* [Assignment]: Every line below between the line holding "Thumbnail 2 in" and the line holding "Alberto's Towing", inclusive, should be repeated exactly, and all other lines omitted.

* [Dataset excerpts]:
━━━━━━

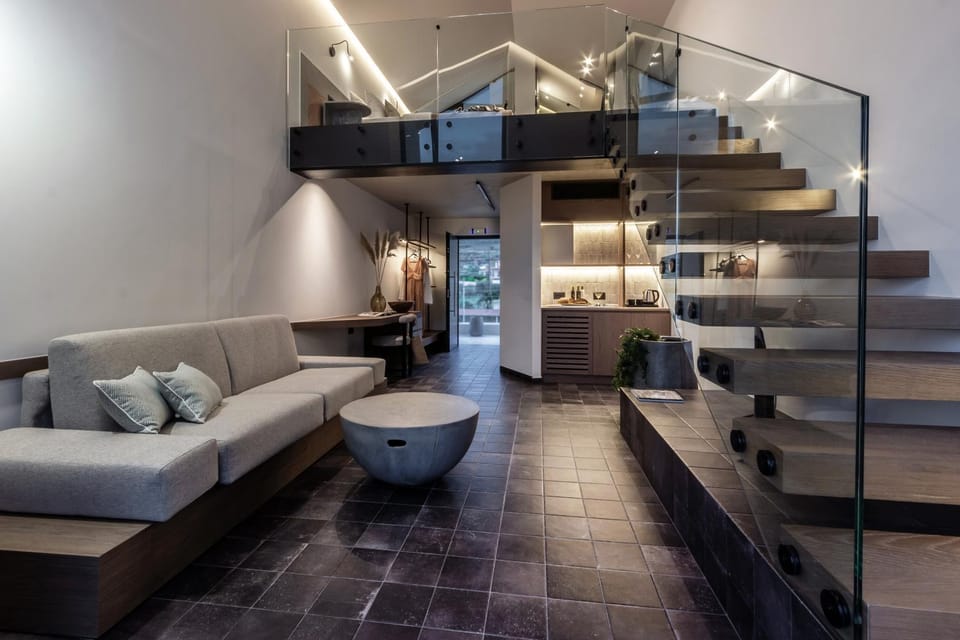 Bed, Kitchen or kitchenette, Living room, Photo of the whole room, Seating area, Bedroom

━━━━━━

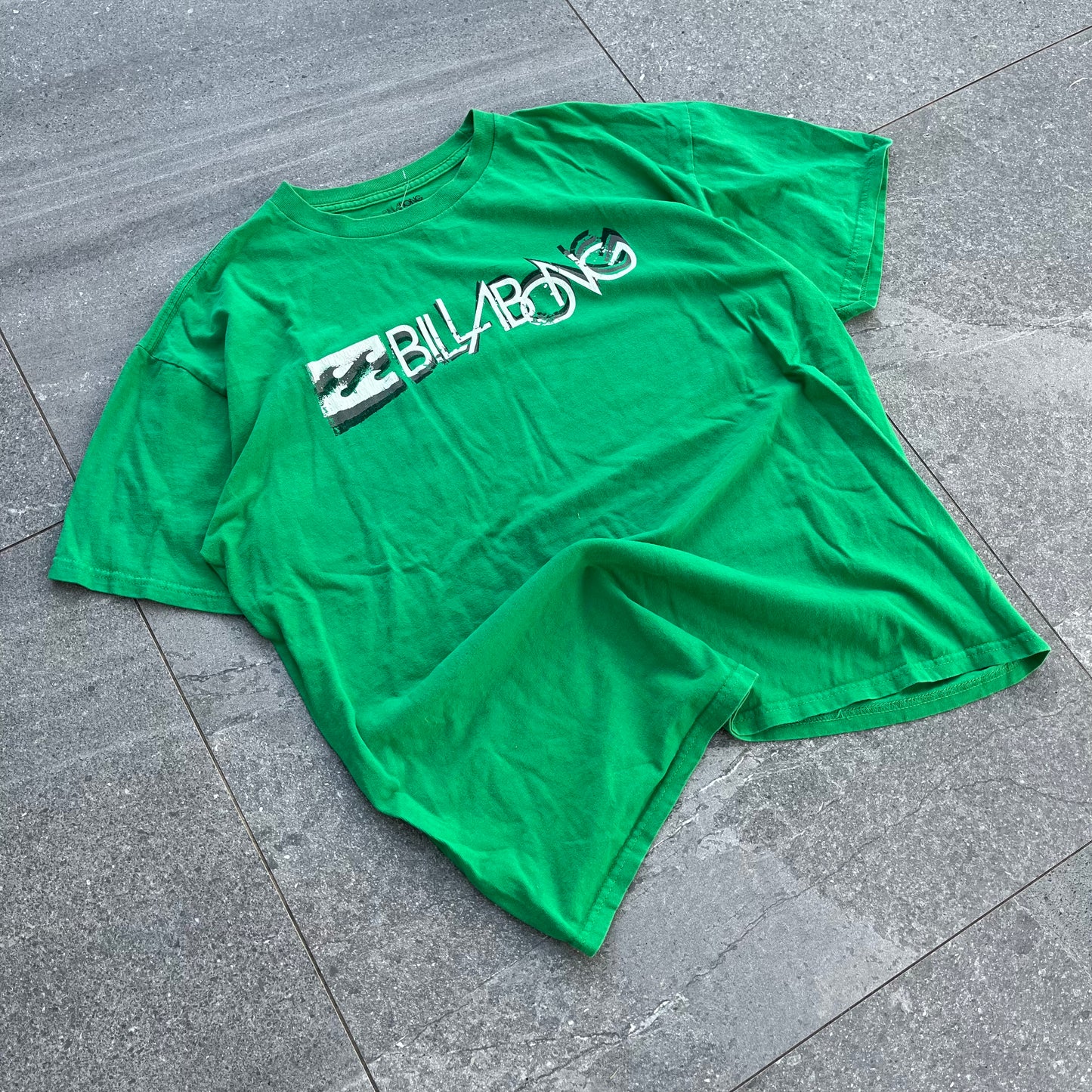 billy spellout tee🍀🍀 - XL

━━━━━━

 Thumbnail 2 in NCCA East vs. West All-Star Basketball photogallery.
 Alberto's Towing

━━━━━━

* [Response area]:
 Thumbnail 2 in NCCA East vs. West All-Star Basketball photogallery.
 Alberto's Towing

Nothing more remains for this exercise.